The new crisis in US-Panama relations is being provoked by America’s economic decline and the growing influence of China, which now has more extensive trade relations with Latin America than the United States. But US ships still account for the lion’s share of the traffic through the Panama Canal, since it is the shortest sea route from the West Coast to the East Coast of the US.
China is the second-biggest user of the Panama Canal, and a Chinese company controls two of the five ports near the canal’s two ends, one on the Caribbean and the other on the Pacific.
China has been negotiating a possible new trans-isthmian canal through Nicaragua, which would take advantage of the largely flat terrain and sizable lakes. Last month Nicaraguan President Daniel Ortega revoked an earlier agreement with a Hong Kong-based consortium and proposed a different route for the canal, this time to be funded on a multinational basis, with both US and Chinese involvement.

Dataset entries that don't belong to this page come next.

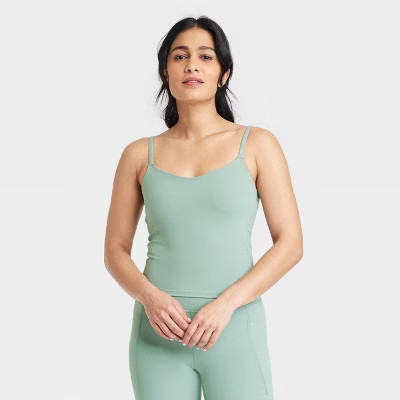 Women's Everyday Soft Cami Support Tank Top - All In Motion™ Sage Green M: Moisture Wicking, Bu... | Target
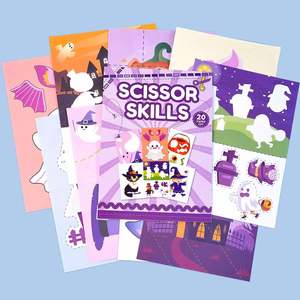 Kit de Arte y Manualidades para Niños, Educación Temprana, Halloween, Manualidades Creativas, Libro de Recortes de Papel con Dibujos Animados - Product Image 1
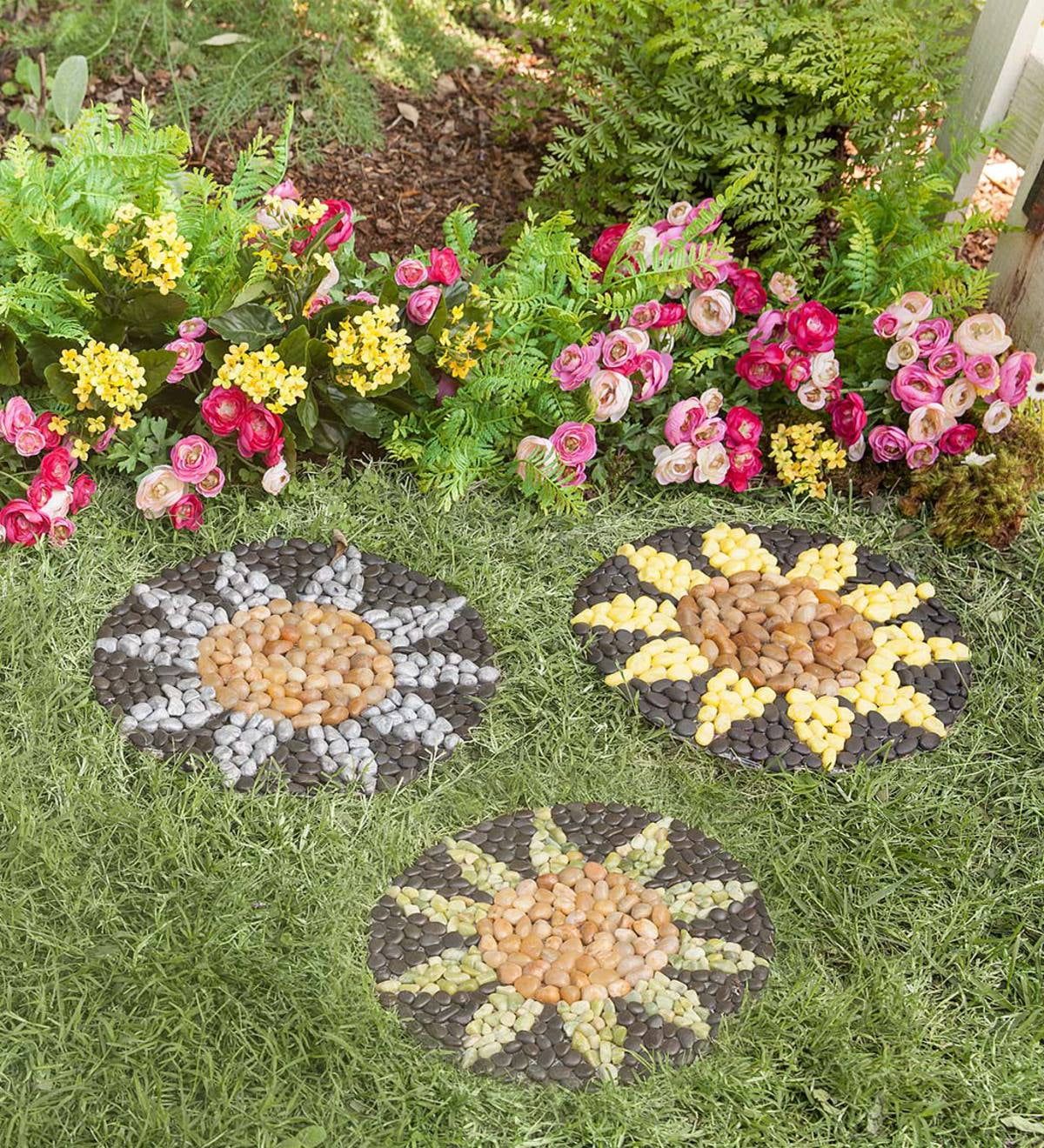 Cheerful &amp; Colorful Sunflower Outdoor Garden Stepping Stones, Set Of 3 ... throughout Set Of 2 Love My Garden And Home Sweet Home Floral Outdoor Garden Stones 7"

There has been growing commercial pressure either for widening the Panama Canal or building the Nicaraguan canal. There was a 29 percent drop in ship transits through the canal over the past fiscal year because of severe drought conditions. This has a global impact, since the canal accounts for fully 6 percent of all world trade traffic.
While Trump’s threat to Panama is no doubt connected in some fashion to these specific geostrategic concerns, there is a more general dimension to the foreign policy of the incoming administration, as Trump seeks to overcome the declining world position of American imperialism through a combination of bluster and bullying.

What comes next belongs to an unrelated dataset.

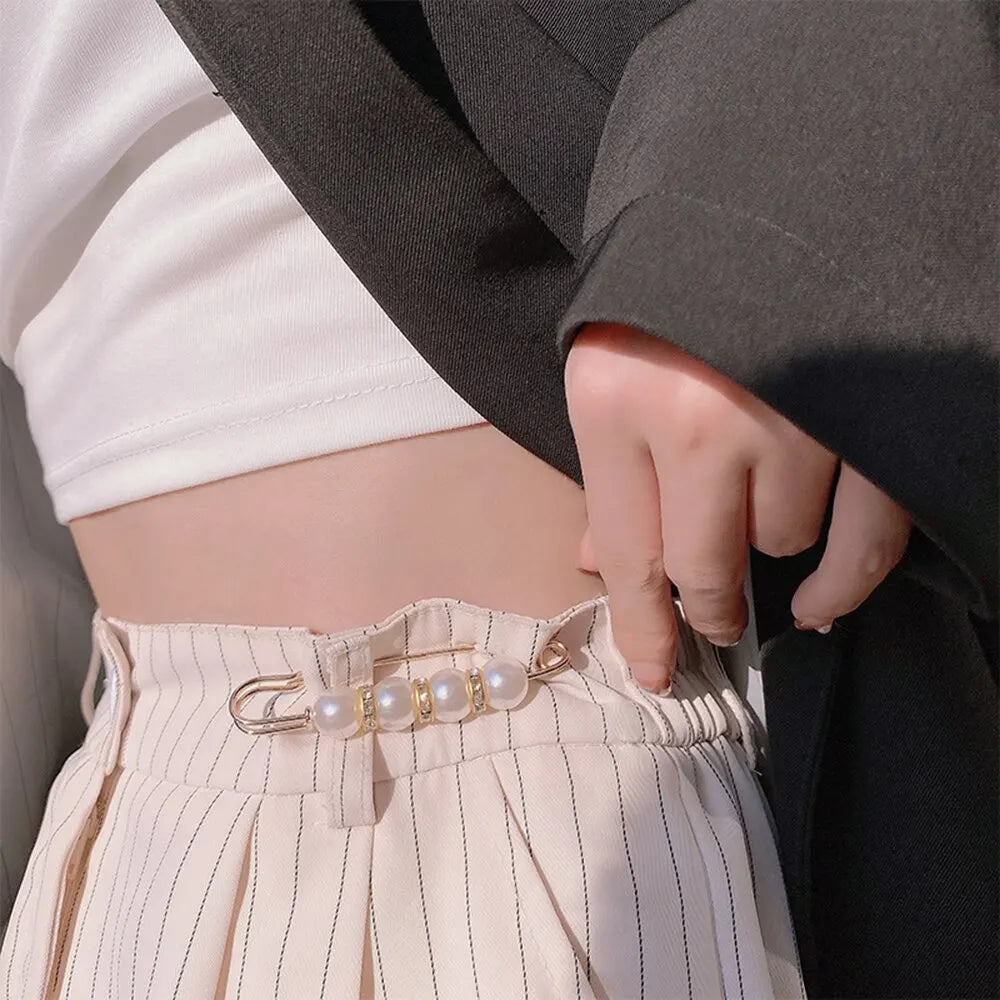 4PCS Waist Adjustment Uniform Clothing Extended Buckle And Waist Adjustment Buckle Pearl Broocated Fashion Decorative Accessorie clothes - unique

In recent weeks, he has several times gloated over the fading political fortunes of Canadian Prime Minister Justin Trudeau, taunting Trudeau as “Governor Trudeau” and suggesting that Canada should become the 51st US state.

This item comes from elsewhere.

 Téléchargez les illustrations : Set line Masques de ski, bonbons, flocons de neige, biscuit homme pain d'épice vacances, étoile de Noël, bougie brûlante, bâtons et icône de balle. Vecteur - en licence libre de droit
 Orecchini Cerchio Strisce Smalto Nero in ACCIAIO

Last month he demanded that Mexico and Canada stop all illegal border crossings into the United States and warned that if they did not do so immediately, he would impose heavy tariffs on their imports to the US market.
“Both Mexico and Canada have the absolute right and power to easily solve this long-simmering problem. We hereby demand that they use this power, and until such time that they do, it is time for them to pay a very big price!” he posted on Truth Social.
He continued this diatribe last week in another Truth Social declaration: “No one can answer why we subsidize Canada to the tune of over $100,000,000 a year? Makes no sense!” He continued: “Many Canadians want Canada to become the 51st State. They would save massively on taxes and military protection. I think it is a great idea. 51st State!!!”
Perhaps Trump was channeling fond memories from his childhood, when he would have been raised on tales of how grandfather Frederick Trump—an immigrant from Germany who fled to New York City to avoid military service—founded the family fortune by opening bars and brothels in Canada during the Yukon Gold Rush.
Whatever the exact triggers, Trump’s musings about bringing territories both tiny (Panama) and gigantic (Canada) under direct American control testify to the aggressive appetites of an imperialist ruling elite that sees military force as the only possible solution to its deepening economic, social and political crises.